TENAKUZ İÇİNDE BULUNANLAR
Mü'minlerle bu gezinti bitirildikten sonra âyeti kerime müşriklerin tutum ve düşüncelerindeki tenakuzlara geçiyor. Bir kere onlar
gökleri ve yeri Allah'ın yarattığını kabul ediyorlar. Güneşi ve ayı
onun insanlara müsahhar kıldığına, gökten su indirerek ölümden
sonra yeryüzünü dirilttiğine inanıyorlar. Bütün bunların muhtevasında yer alan rızkı verenin Allah olduğunu biliyor, korku ve endişe
anında duâ ederek yalnız Allah'a yöneliyorlar. Sonra da kalkıp Allah'a şirk koşuyorlar, O'na ibadet edenlere işkence yapıyorlar, tenakuz söz konusu olmayan İnançlarından döndürmek istiyorlar.
Allah'ın kendilerine Beytulharam'ı vererek emniyet ihsan edişindekı
nimetini unutuyorlar. 0 emniyet yurdu olan Beytül haram 'da Allah'ın kullarını korkutmaya çalışıyorlar:
61 — And olsun ki onlara "gökleri ve yeri yaratan, güneşi ve
ayı emri altında tutan kimdir?" diye sorsan şüphesiz "Allah'tır'' diyecekler. O halde niye çevirilip döndürülüyorlar.

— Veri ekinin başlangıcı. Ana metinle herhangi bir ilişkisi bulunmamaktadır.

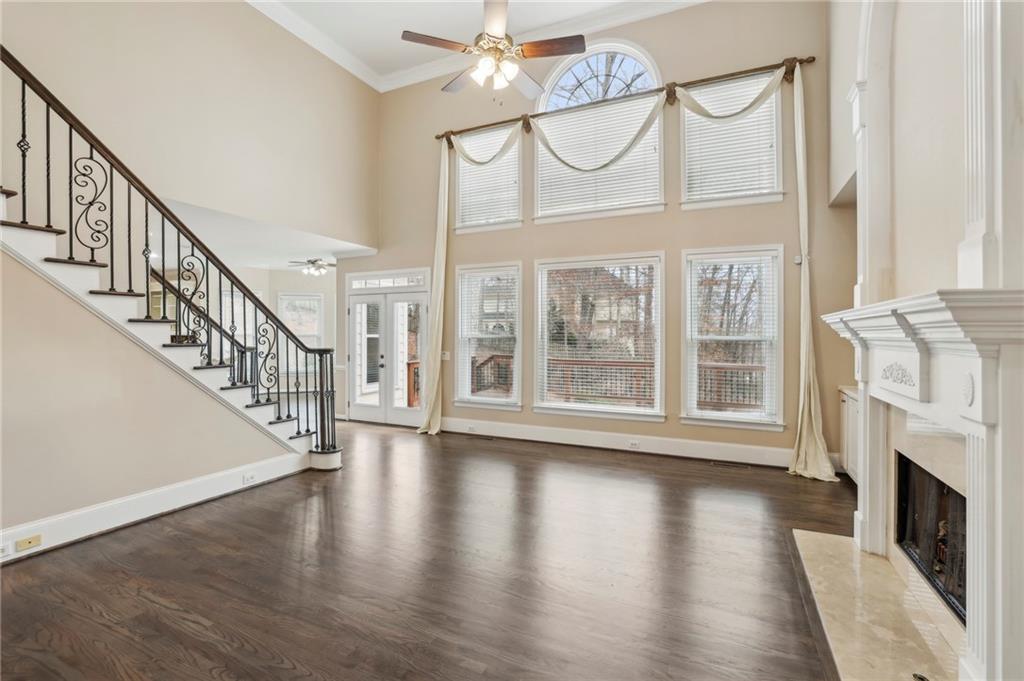 320 Old Sandhurst Station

62 — Kullarından kimi dilerse Allah onun rızkını yayar. Doğrusu Allah her şeyi bilendir.
63 — And olsun ki onlara: "Gökten su indirip onunla ölümünden sonra yeri dirilten kimdir?" diye sorarsan şüphesiz "Allah'tır"

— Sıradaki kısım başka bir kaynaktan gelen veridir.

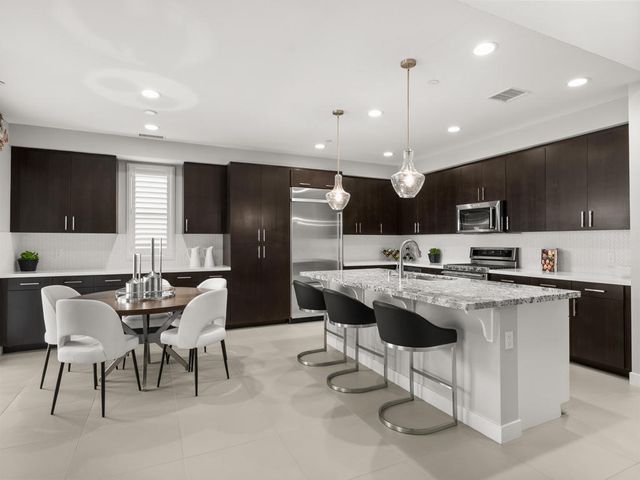 73354 Warhol Lane, Palm Desert, CA 92211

diyecekler. De ki: "Hamd Allah'adır. Ama çoğu aklını kullanamazlar.
64 — Bu dünya hayatı sadece eğlence ve oyalanmadır. Asıl hayat ahiret yurdundaki hayattır. Keşke bilseler.

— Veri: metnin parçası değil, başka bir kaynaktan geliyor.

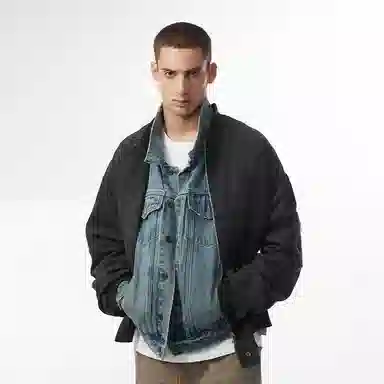 11ESTRANGER ASTRANGER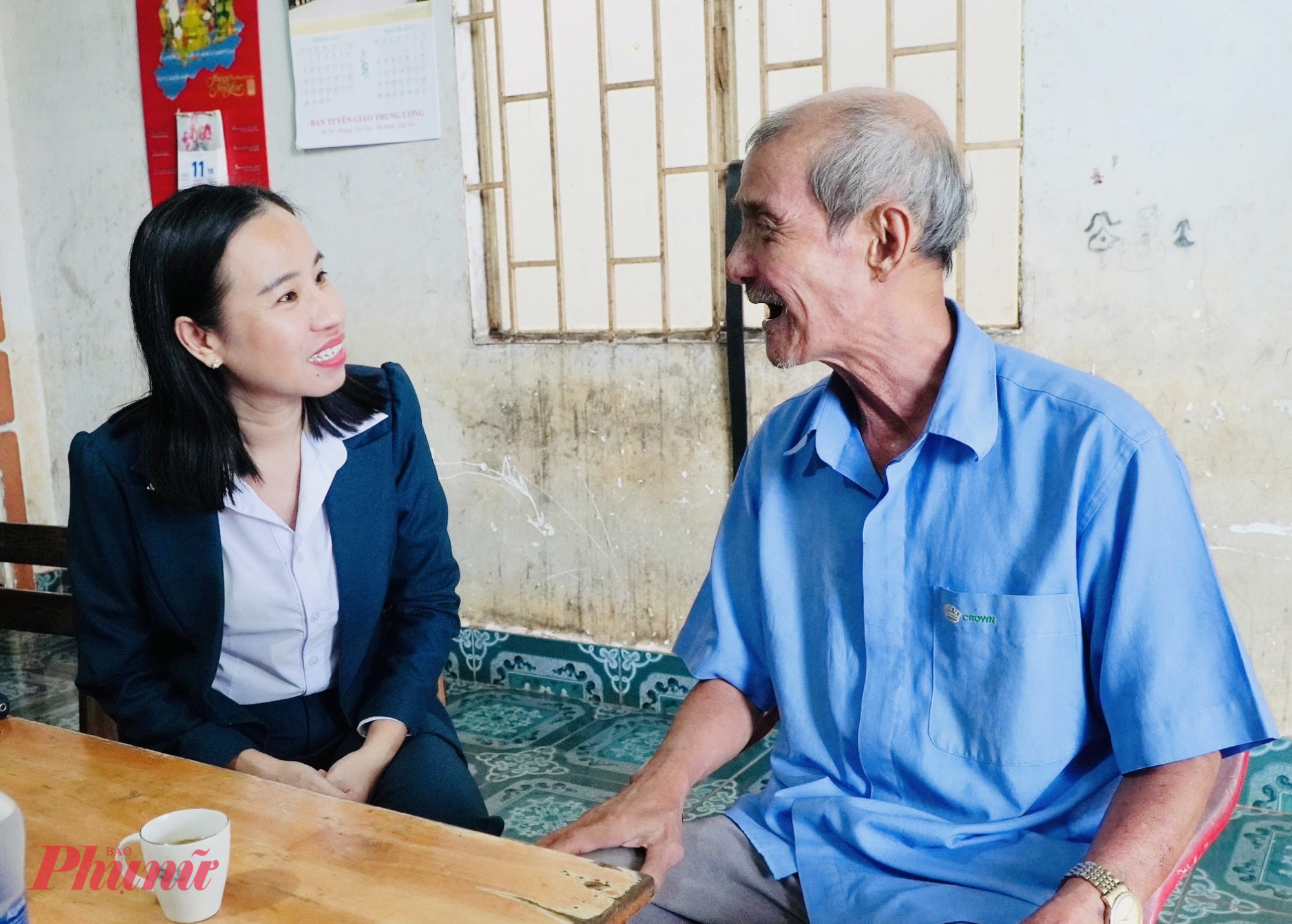 Bà Võ Ngọc Thanh Trúc – Phó chủ tịch Uỷ ban MTTQ Việt Nam TPHCM, Chủ tịch Hội LHPN TPHCM ân cần hỏi thăm đời sống, sức khoẻ thương binh Nguyễn Thanh Hải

65 — Gemiye bindiklerinde dini yalnız Allah'a tahsis ederek
ona yalvarırlar. Ama onları karaya çıkararak kurtarınca hemen
Allah'a eş koşarlar.
66 — Böylece kendilerine verdiğimize küfür etsinler ve zevk
alsınlar diye, eğlensinler bakalım. Yakında bileceklerdir.
67 — Çevrelerinde insanların zorla kapılıp götürülmesine rağmen orayı mukaddes bir harem yaptığımızı onlar görmediler mi?
Yoksa bâtıla inanıp ta Allah'ın nimetine küfür mü ediyorlar?
68 — Allah'a karşı yalan iftira edenden veya hak kendisine gelmişken onu yalanlayandan daha zalim kim vardır? Kâfirlere cehennemde barınacak yer mi yok?
Bu âyetler o sıradaki Arabların inançlarını tasvir etmekte ve bu
inançların aslında tevhit temeline dayandığını, bilâhare saptığını
göstermektedir. Aslında bunun garip bir yanı da yoktur. Çünkü
Arablar İbrahim (AS.) in oğlu İsmail peygamberin soyundan geliyorlardı. Ve doğrudan doğruya t b r a h i m 'in dininden olduklarını kabul ediyorlardı. Hattâ bu esasla kendi inançlarını
üstün görüyor, yarımadadaki diğer din mensublarının, Hıristiyanlar!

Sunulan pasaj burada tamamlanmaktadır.